Parser Implementation

The libmagic-rs parser is built using the nom parser combinator library, providing a robust and efficient way to parse magic file syntax into our AST representation.

Architecture Overview

The parser follows a modular design where individual components are implemented and tested separately, then composed into higher-level parsers:

Magic File Text → Individual Parsers → Combined Parsers → Complete AST
                      ↓
              Numbers, Offsets, Operators, Values → Rules → Rule Hierarchies

Implemented Components

Number Parsing (`parse_number`)

Handles both decimal and hexadecimal number formats with comprehensive overflow protection:

#![allow(unused)]
fn main() {
// Decimal numbers
parse_number("123")    // Ok(("", 123))
parse_number("-456")   // Ok(("", -456))

// Hexadecimal numbers
parse_number("0x1a")   // Ok(("", 26))
parse_number("-0xFF")  // Ok(("", -255))
}

Features:

✅ Decimal and hexadecimal format support
✅ Signed and unsigned number handling
✅ Overflow protection with proper error reporting
✅ Comprehensive test coverage (15+ test cases)

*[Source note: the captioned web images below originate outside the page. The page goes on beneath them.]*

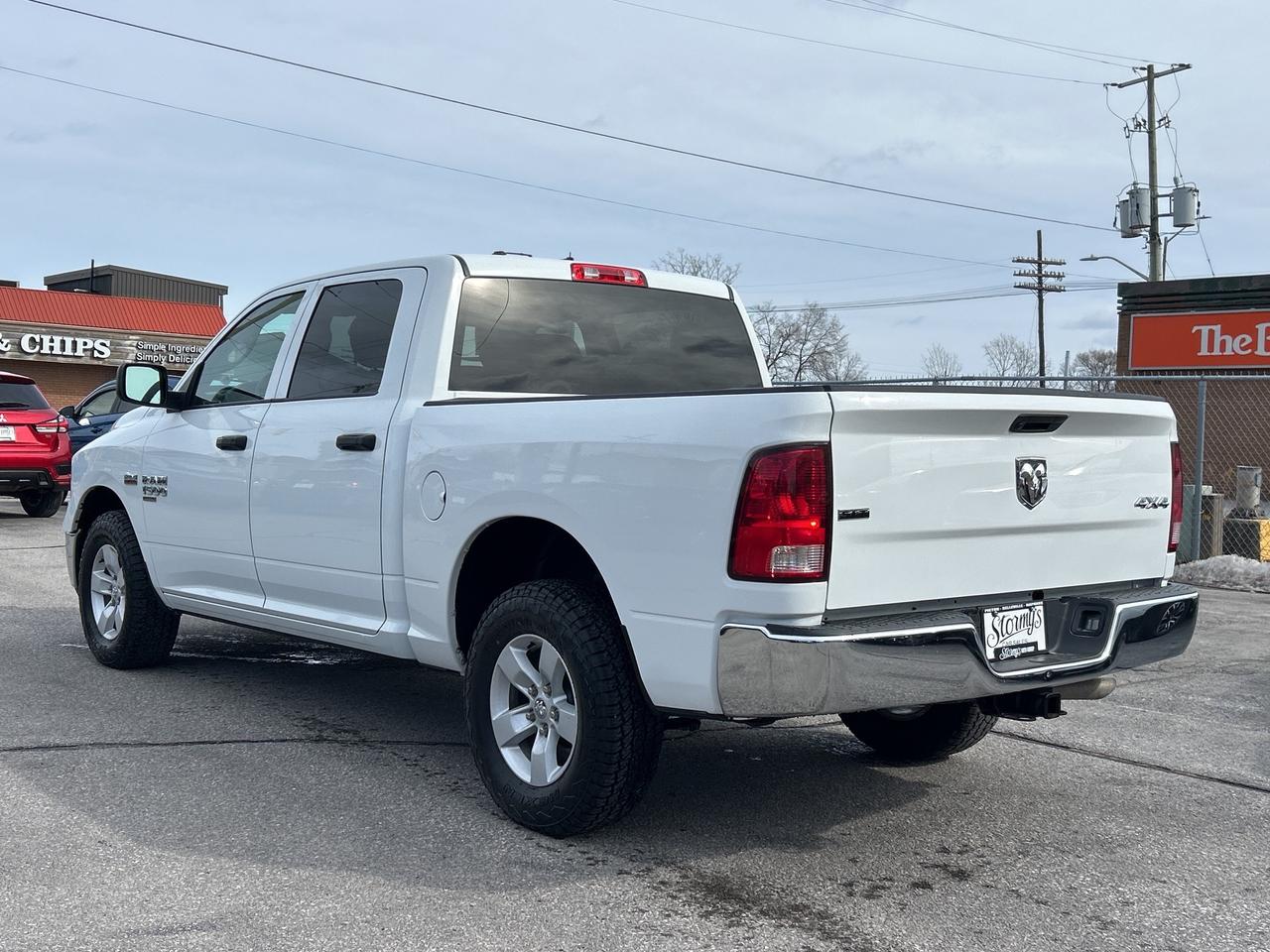 2023 RAM 1500 Classic SLT HEMI V8!! CALL BELLEVILLE *613-961-8848* Photo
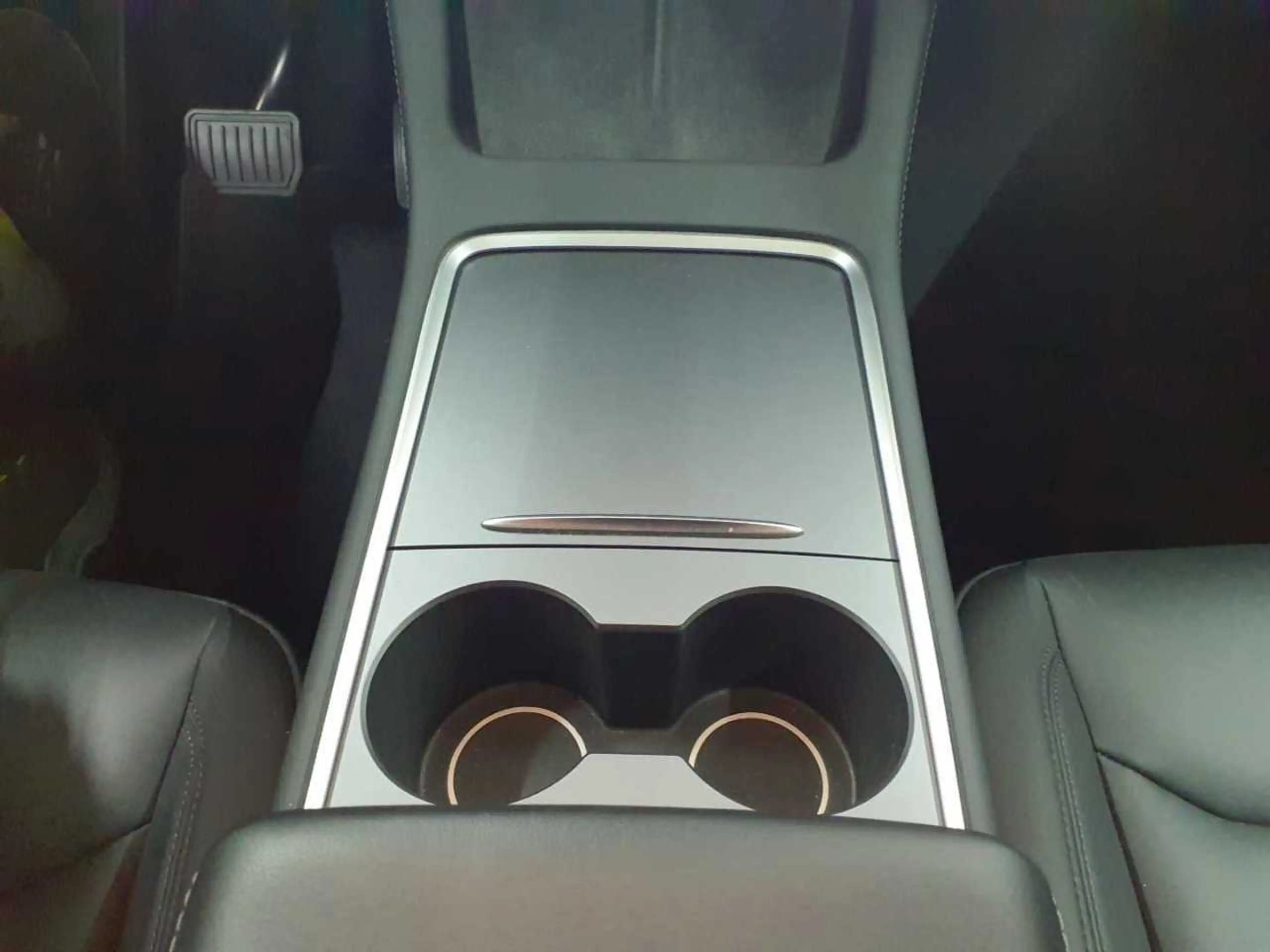 Tesla Model Y Long Range Dual Motor AWD — photo 10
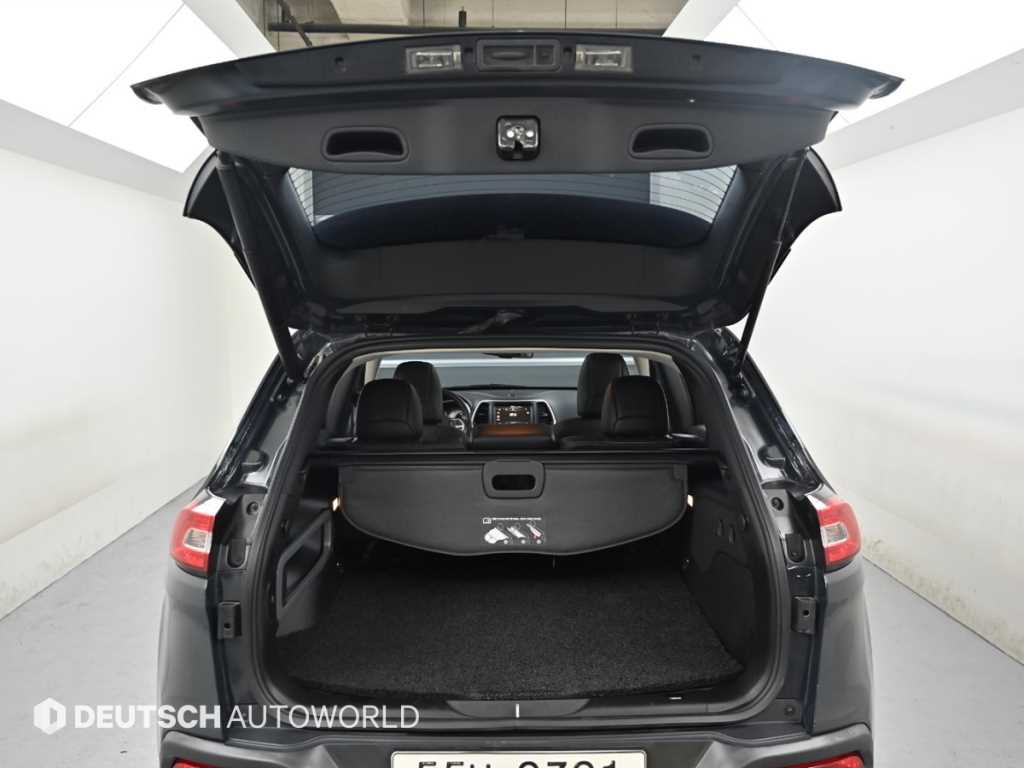 Jeep Cherokee 2017 Gris - Importación desde Corea - HF Imports Iquique - Foto 19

Offset Parsing (`parse_offset`)

Converts numeric values into OffsetSpec::Absolute variants:

#![allow(unused)]
fn main() {
// Basic offsets
parse_offset("0")      // Ok(("", OffsetSpec::Absolute(0)))
parse_offset("0x10")   // Ok(("", OffsetSpec::Absolute(16)))
parse_offset("-4")     // Ok(("", OffsetSpec::Absolute(-4)))

// With whitespace handling
parse_offset(" 123 ")  // Ok(("", OffsetSpec::Absolute(123)))
}

Features:

✅ Absolute offset parsing with full number format support
✅ Whitespace handling (leading and trailing)
✅ Negative offset support for relative positioning
📋 Indirect offset parsing (planned)
📋 Relative offset parsing (planned)

Operator Parsing (`parse_operator`)

Parses comparison and bitwise operators with multiple syntax variants:

#![allow(unused)]
fn main() {
// Equality operators
parse_operator("=")    // Ok(("", Operator::Equal))
parse_operator("==")   // Ok(("", Operator::Equal))

// Inequality operators
parse_operator("!=")   // Ok(("", Operator::NotEqual))
parse_operator("<>")   // Ok(("", Operator::NotEqual))

// Comparison operators (v0.2.0+)
parse_operator("<")    // Ok(("", Operator::LessThan))
parse_operator(">")    // Ok(("", Operator::GreaterThan))
parse_operator("<=")   // Ok(("", Operator::LessEqual))
parse_operator(">=")   // Ok(("", Operator::GreaterEqual))

// Bitwise operators
parse_operator("&")    // Ok(("", Operator::BitwiseAnd))
parse_operator("^")    // Ok(("", Operator::BitwiseXor))
parse_operator("~")    // Ok(("", Operator::BitwiseNot))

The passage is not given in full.